What you will do> Please produce a character-exact copy of the listing that follows, omitting all images.

Dataset extract>
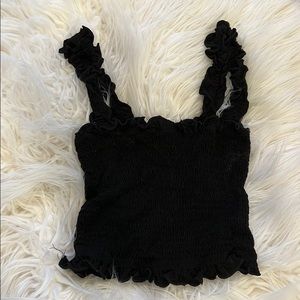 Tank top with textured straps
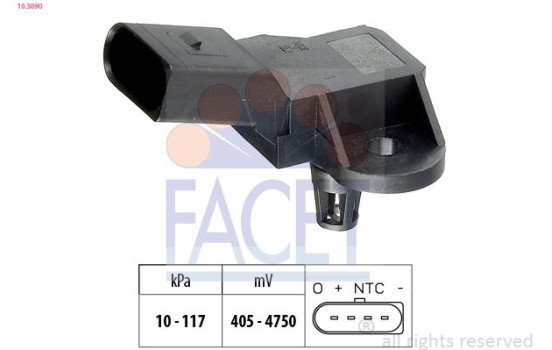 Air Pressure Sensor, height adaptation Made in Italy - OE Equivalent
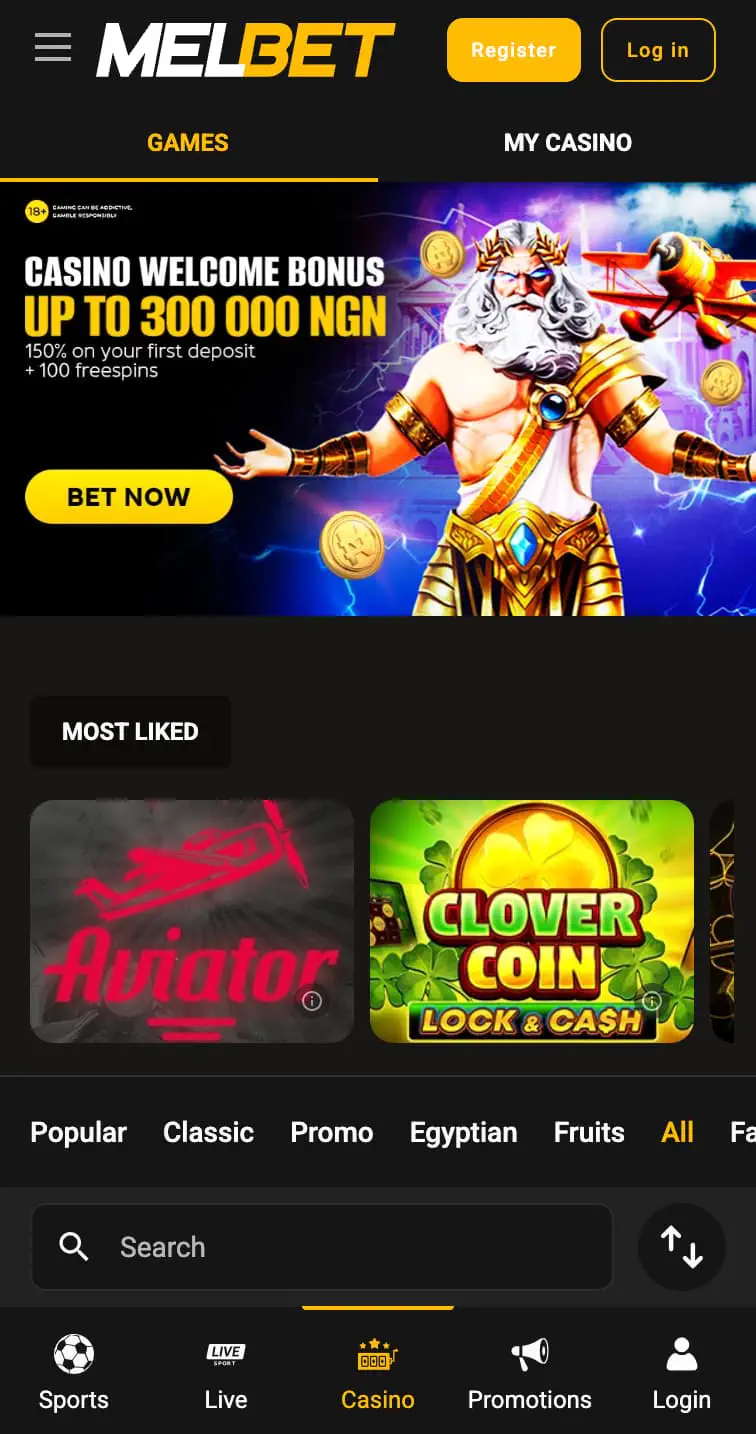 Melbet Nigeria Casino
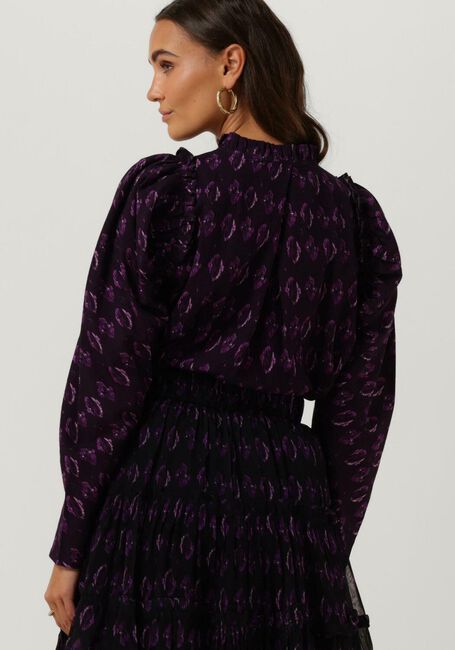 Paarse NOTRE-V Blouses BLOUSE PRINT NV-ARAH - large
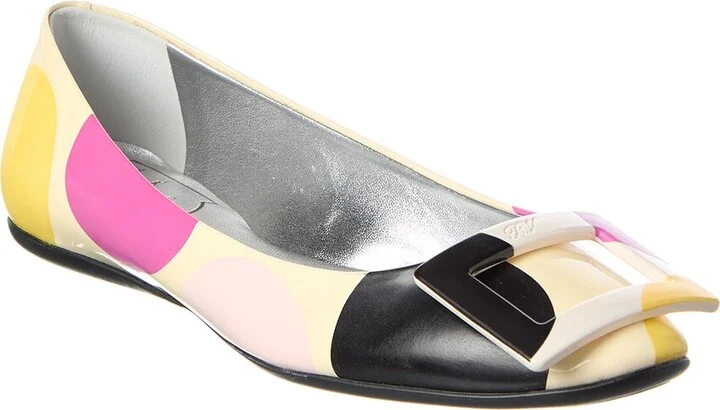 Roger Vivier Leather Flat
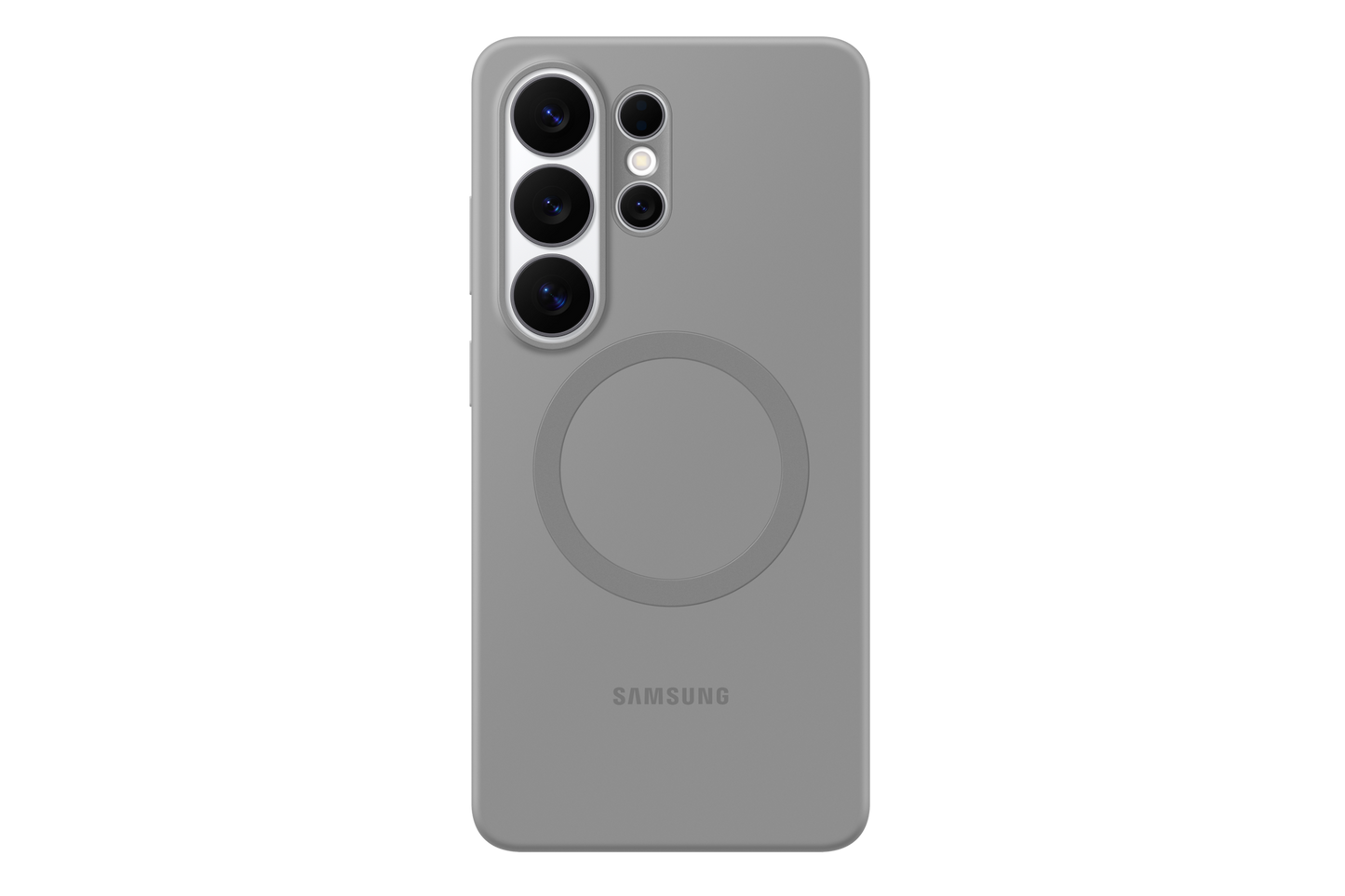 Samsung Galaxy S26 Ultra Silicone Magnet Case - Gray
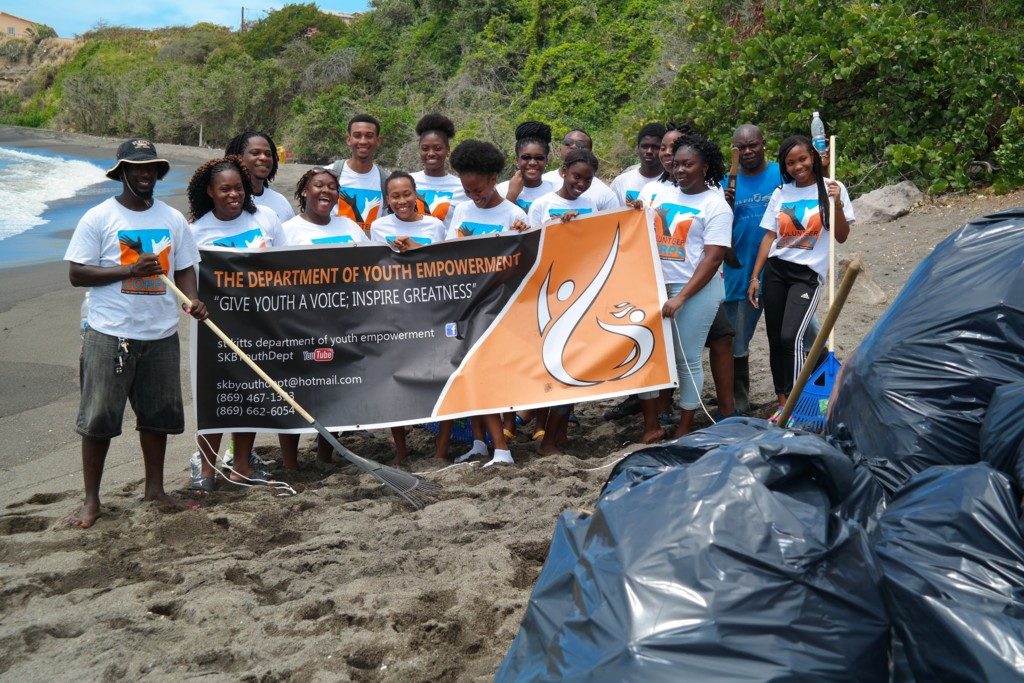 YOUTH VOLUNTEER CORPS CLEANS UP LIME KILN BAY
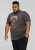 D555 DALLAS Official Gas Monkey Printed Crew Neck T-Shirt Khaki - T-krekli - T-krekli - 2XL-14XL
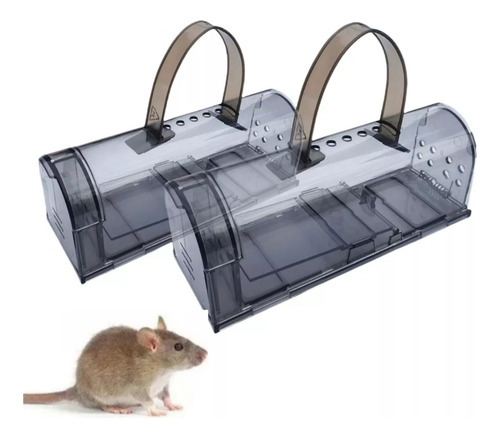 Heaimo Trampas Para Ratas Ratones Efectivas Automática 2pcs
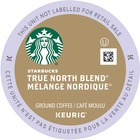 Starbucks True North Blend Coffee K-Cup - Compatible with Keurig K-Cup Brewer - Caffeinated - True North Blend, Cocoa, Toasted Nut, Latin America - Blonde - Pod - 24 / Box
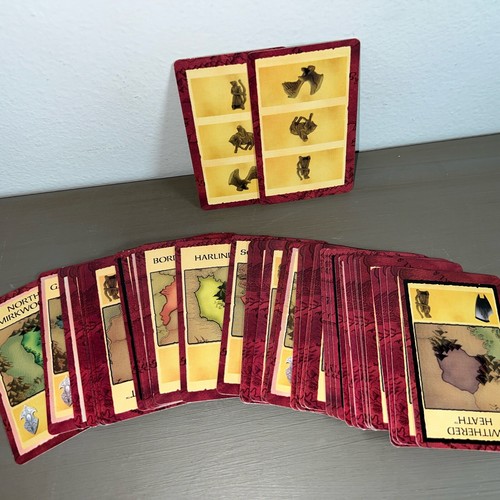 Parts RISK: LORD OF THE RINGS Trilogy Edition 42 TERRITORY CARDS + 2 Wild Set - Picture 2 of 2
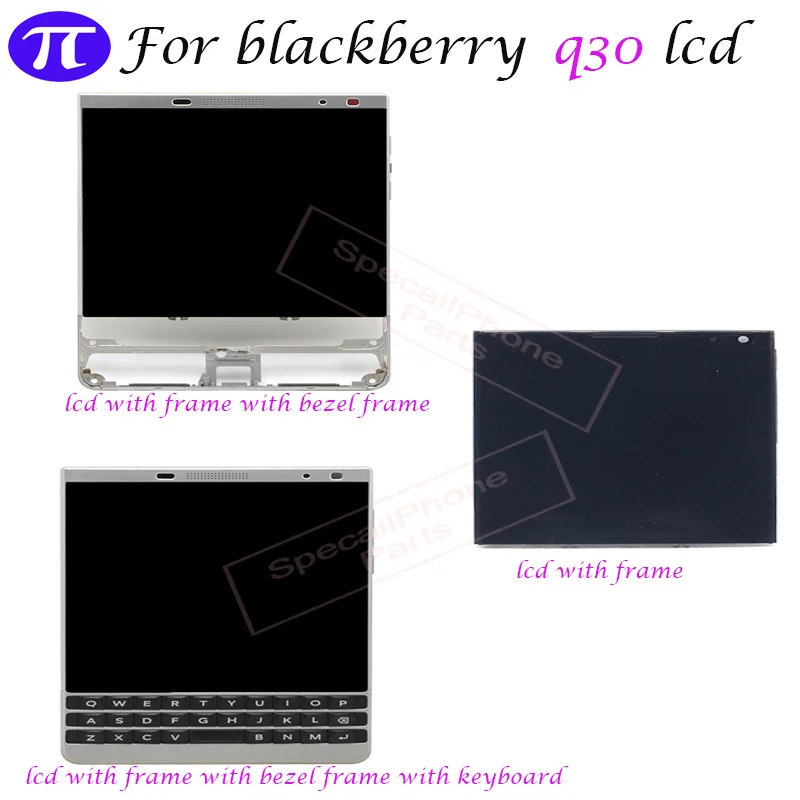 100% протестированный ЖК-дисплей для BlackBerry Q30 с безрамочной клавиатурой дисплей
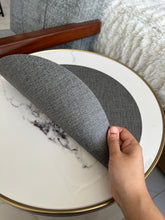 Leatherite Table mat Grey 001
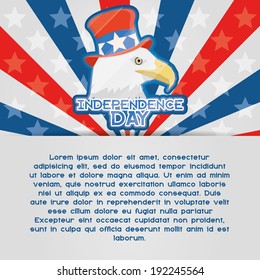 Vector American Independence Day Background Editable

Response area>
 Tank top with textured straps
 Air Pressure Sensor, height adaptation Made in Italy - OE Equivalent
 Melbet Nigeria Casino
 Paarse NOTRE-V Blouses BLOUSE PRINT NV-ARAH - large
 Roger Vivier Leather Flat
 Samsung Galaxy S26 Ultra Silicone Magnet Case - Gray
 YOUTH VOLUNTEER CORPS CLEANS UP LIME KILN BAY
 D555 DALLAS Official Gas Monkey Printed Crew Neck T-Shirt Khaki - T-krekli - T-krekli - 2XL-14XL
 Heaimo Trampas Para Ratas Ratones Efectivas Automática 2pcs
 Starbucks True North Blend Coffee K-Cup - Compatible with Keurig K-Cup Brewer - Caffeinated - True North Blend, Cocoa, Toasted Nut, Latin America - Blonde - Pod - 24 / Box
 Parts RISK: LORD OF THE RINGS Trilogy Edition 42 TERRITORY CARDS + 2 Wild Set - Picture 2 of 2
 100% протестированный ЖК-дисплей для BlackBerry Q30 с безрамочной клавиатурой дисплей
 Leatherite Table mat Grey 001
 Vector American Independence Day Background Editable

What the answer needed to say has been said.